Not for losing twice by two points — to the No. 1 team in the country in a monsoon on the road and again Saturday to the nation’s No. 9 team more than 2,200 miles from home.

Not for losing 12 starters, including eight to season-ending injuries.

Saturday proved to be the date fate dealt the Irish out of the College Football Playoff discussion for good, thanks to a 45-yard field goal as time expired to give Stanford a 38-36 victory.

“It’s never about one series or one play,” Notre Dame coach Brian Kelly said. “It’s a culmination of the game, and the reality is, we’re two plays away from being the No. 1 team in the country — one play at Clemson and one play here at Stanford.”

After starting the season as an afterthought on Notre Dame’s sideline, not to mention its depth chart, Kizer finished it on his back, in disbelief, as Cardinal players celebrated around him.

“I’m completely blank inside,” said Kizer, who with 30 seconds left tied the score on a 2-yard run before Justin Yoon’s go-ahead extra point gave the Irish a 36-35 lead. “It’s hard to describe how you feel in a time like this.”

And while Kelly is right about one series or one play, there were a couple Saturday that left Kizer, defensive lineman Sheldon Day and many others in white and navy and gold, in disbelief.

Stanford began its march for the uprights at its own 27. An innocent 1-yard run by quarterback Kevin Hogan turned into a 16-yard gain when Isaac Rochell was found guilty of a face-mask penalty that cost the Irish 15 yards. Two plays later, the back of the Irish defense was exposed again when Hogan found Devon Cajuste for a 27-yard completion, setting up a kick Conrad Ukropina will never forget. One the Irish wish they could.

“I wish we could go back and do something differently,” Kizer said. “But that’s how the cookie crumbles.”

And so that’s how Notre Dame’s dream crumbles too.

“This team all year made a point to let everyone know what our mission was,” Kizer said. “We truly thought we were one of the best teams in the country. We know that kind of fell away with this loss.”

On a macro level, six points separated Notre Dame from a chance at accomplishing its mission, a mantra married to the “Culture over scheme” motto adopted by the team before the season that suggested anything less than a national championship was a failure.

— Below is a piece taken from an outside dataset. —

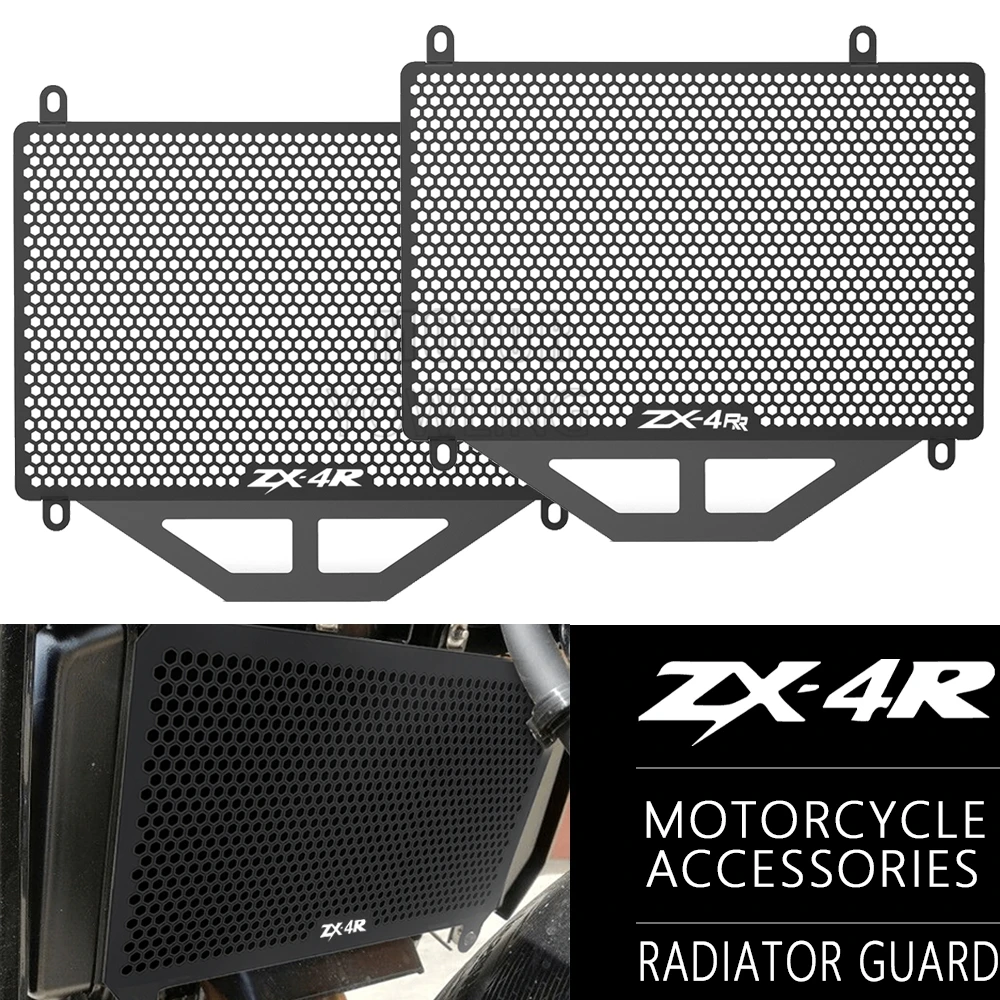 For Kawasaki Ninja … - image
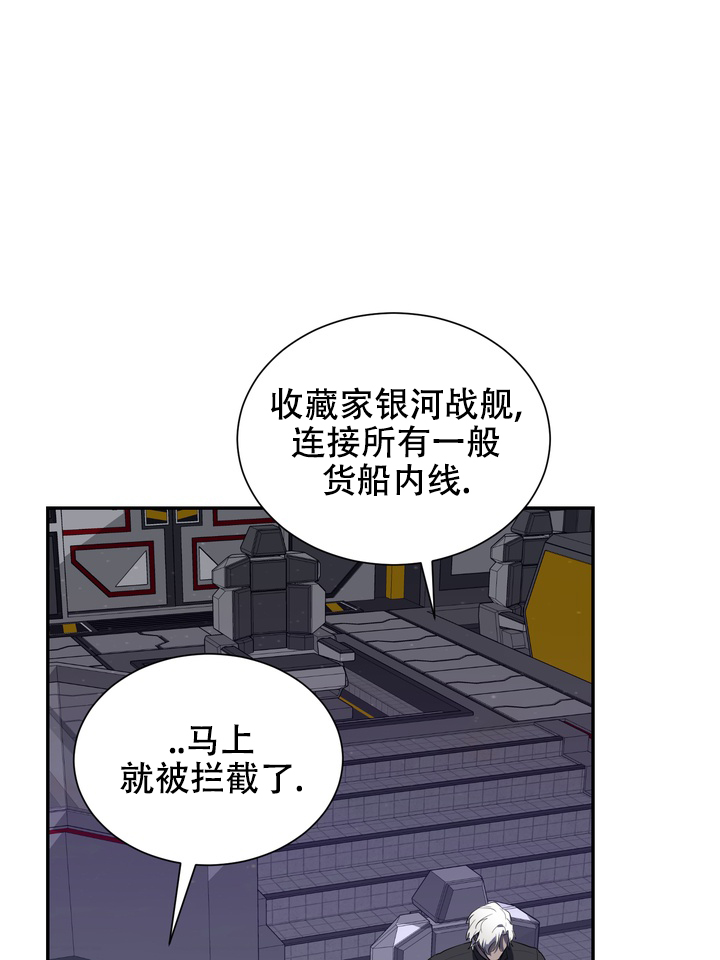 异世界物种韩漫漫画,第1话5图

That mission lured right tackle Ronnie Stanley, a sure-fire first-round pick, and defensive lineman Sheldon Day, same as Stanley, back to South Bend for another crack at a dream.

One a micro level, there were cracks in the foundation that suggested a scenario such as Saturday’s was a possibility.

Eleven times in the last two games Notre Dame advanced to the red zone. The Irish came away with one touchdown — Kizer’s 2-yard dive Saturday. Three other trips resulted in Yoon field goals Saturday.

Twenty-five times this season the Irish allowed touchdown drives of at least 75 yards. They needed a last-second scoring pass from Kizer, in relief of Malik Zaire, to defeat Virginia. They barely beat Boston College. They won by four against Temple.

Still, a bowl game awaits the Irish, though it’s not the one they had envisioned.

“It still hurts to go out this way, as far as the end of the season,” said linebacker Jaylon Smith, another likely high first-round pick who had a game-high 15 tackles. “But it’s definitely a learning lesson for all of us in our lives. A lot of unique situations where things aren’t going your way. It’s all about how you respond.”

Notre Dame will have one more chance to do that, though it’s not quite the response it was hoping to have to make.